They worked with him after practice for five to 10 minutes every day to teach him more about the defensive zone, and where to put himself positionally. Zanon had to fight a battle in his mind about what he did his whole life versus what he was being told would make him into an NHL player.
"I was an offensive guy since I could remember," said Zanon. "But I realized you've got to put your career ahead of what you know. You've got to figure out how to stay, and it took me a half a season of working after practice to figure it out."
Hockey is littered with players who stood head and shoulders above their teammates and competition in the amateur ranks, but couldn't adjust when points were tougher to come by. Zanon pointed at two of his teammates - Eric Nystrom and Kyle Brodziak
- who were offensive players, but realized they had to adjust to earn their NHL stripes.
"You could field every team with all offensive guys," he said. "But everyone has to play a role, and adapt to those roles."
Now in training camp, Zanon is watching as young guys like Nate Prosser
, Marco Scandella
and Maxim Noreau fighting for spots. All three of those players put up points in previous years, but they'll quickly find out it's a lot tougher at the NHL level.

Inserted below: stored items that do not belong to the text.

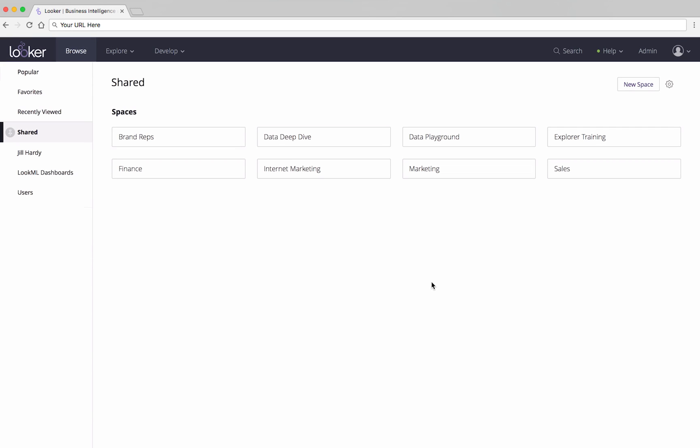Today we're going to show you one way to find content in Looker. You can easily find content by using the Browse tab. That's the screen you're looking at right now.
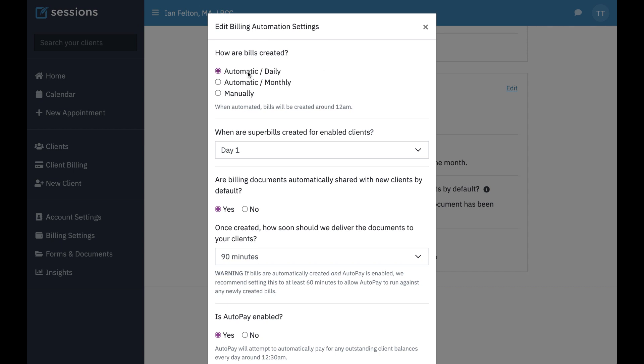If they're created daily, essentially what this means is each night around midnight, any sessions that you've performed that have billable services, a bill is automatically going to get generated. Essentially, that means that instead of it showing up as a pending bill, it's going to show up as an open bill.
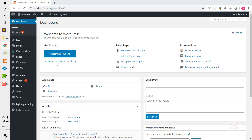Hey guys, welcome back to another video of the WordPress plugin development series. Today I will show you how you can create a WordPress admin dashboard widget. Before that, if you missed the previous videos of this series, you can find those in the suggested videos in the upper right corner of your screen. If you like this video, please subscribe to the channel and hit the bell icon to get the latest videos on time.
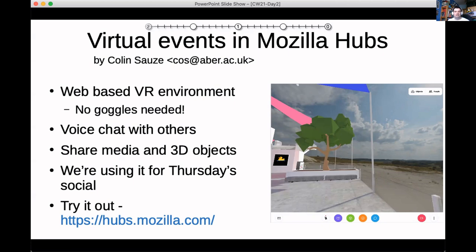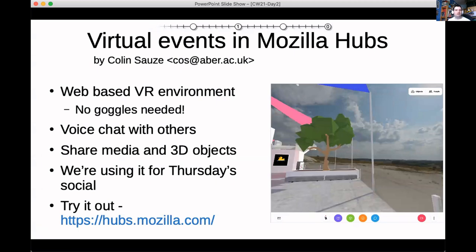You only need a web browser to access it — you don't need virtual reality goggles. However, it does support a load of them, and I would be really interested to know if anyone has got one and can try it out, because that's something I haven't been able to test myself as I don't have one.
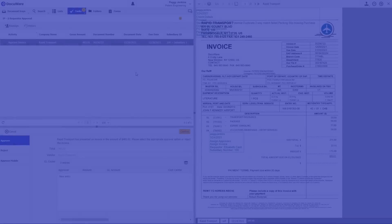The responsible colleague or colleagues are informed immediately and can approve the invoice directly on their PC, tablet or smartphone.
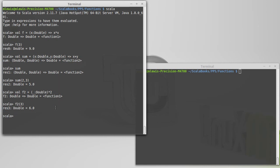So this introduces the concept of the lambda expressions and the basic syntax of it. We'll see a situation where we can use it in the next video. Thank you.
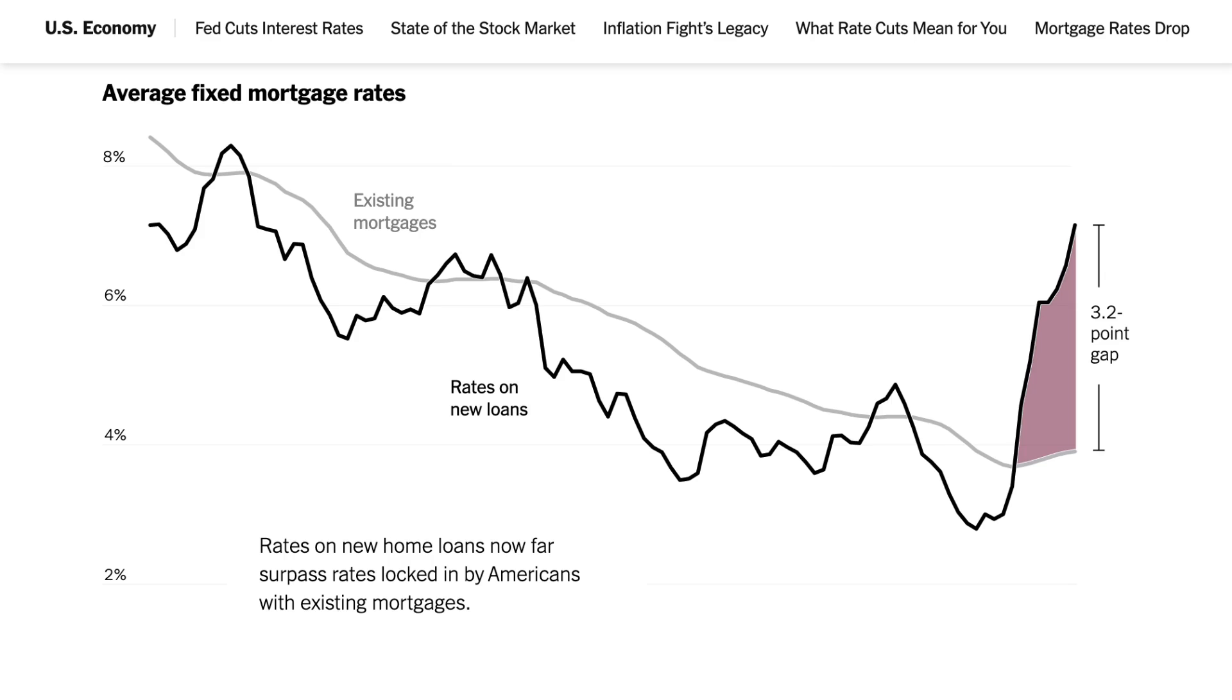I recently came across this chart in the New York Times that shows the gap between rates on existing mortgages here in the United States and rates on new mortgages. It's a pretty simple chart but I really like a few things that they do.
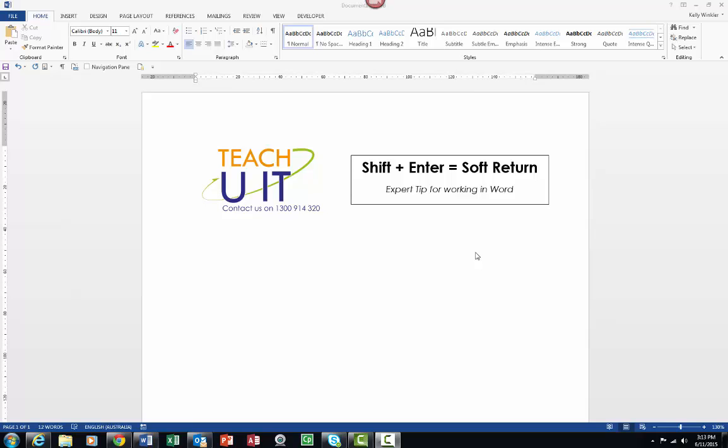Hello and welcome to an expert tip for working with Microsoft Word. Today the focus is going to be utilizing Shift+Enter, which is actually referred to as a soft return. I will be demonstrating this in Microsoft Word.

"The biggest piece of advice I try to give to people is to be open-minded," said Zanon, who is never one to shy away from talking to a young player, or really anybody within earshot. It's another trait that Richards admires in his sturdy defenseman.

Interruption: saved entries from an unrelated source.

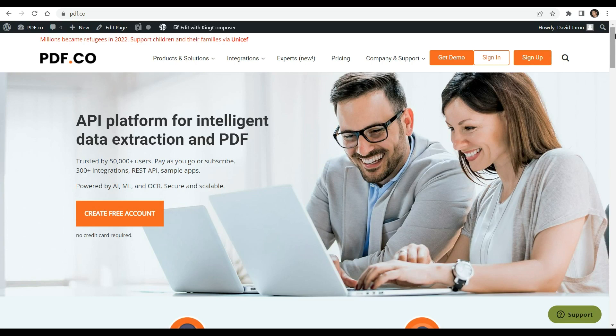Welcome to PDF.co. In today's video, we will demonstrate how to create a PDF report based on Google Sheets data, analyze it with ChatGPT, and send it via email using PDF.co and Zapier. You can see the link of the full tutorial in the description box below. Come and visit PDF.co for more information.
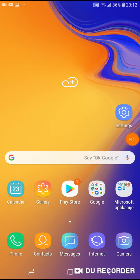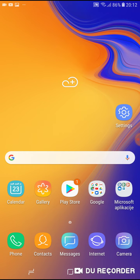Hello, welcome to my channel. Now I will show you how to use split screen and multi-window on your Samsung Galaxy G6 Plus phone. For example, you want to watch YouTube and to browse the internet. What do you have to do?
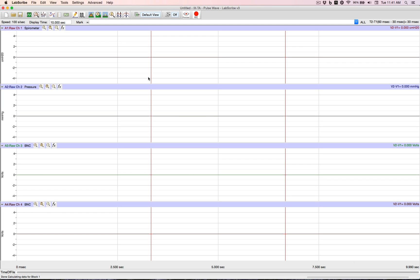In LabScribe, you have the ability to preset your labs ahead of time. What's a preset? Well, how many channels you want, how big are they, what colors are they, what are their names? That's a preset.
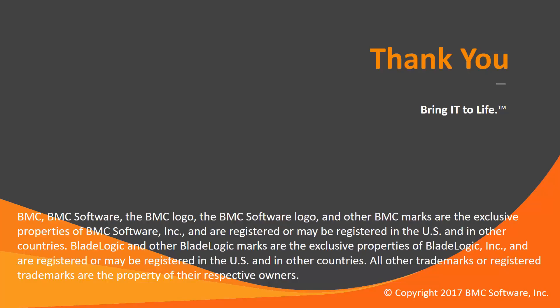That concludes this Ctrl M Solutions video. Please see our Knowledge Base and YouTube channel for more videos like this.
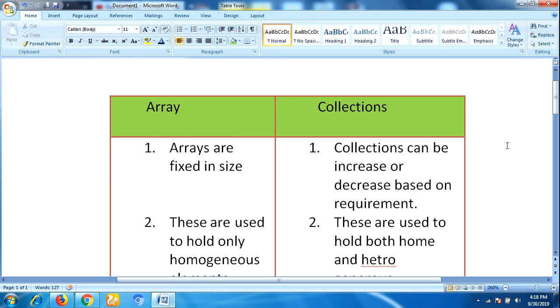Arrays are fixed in size. That means once we create an array, there is no chance of increasing or decreasing the size based on our requirement. Hence, to use arrays concept, we should know the size in advance, which may not always be possible.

"He's a warrior, and a consistent performer," said Richards. "But one thing people don't talk about is his leadership. He's constantly talking on the bench, encouraging guys and saying the right things."
That was something Richards didn't have to teach. Zanon had that skill in college, and pretty much every year before that.
"I'm just loud," he chuckled. "I've always been a loud kid, playing catcher in baseball. But coaches preach communication and I think it's a big help when players communicate out there. You can't see all the ice all of the time, so when people are talking, it makes the game a lot easier if you're loud."
If you said "loud," that answer will also be accepted.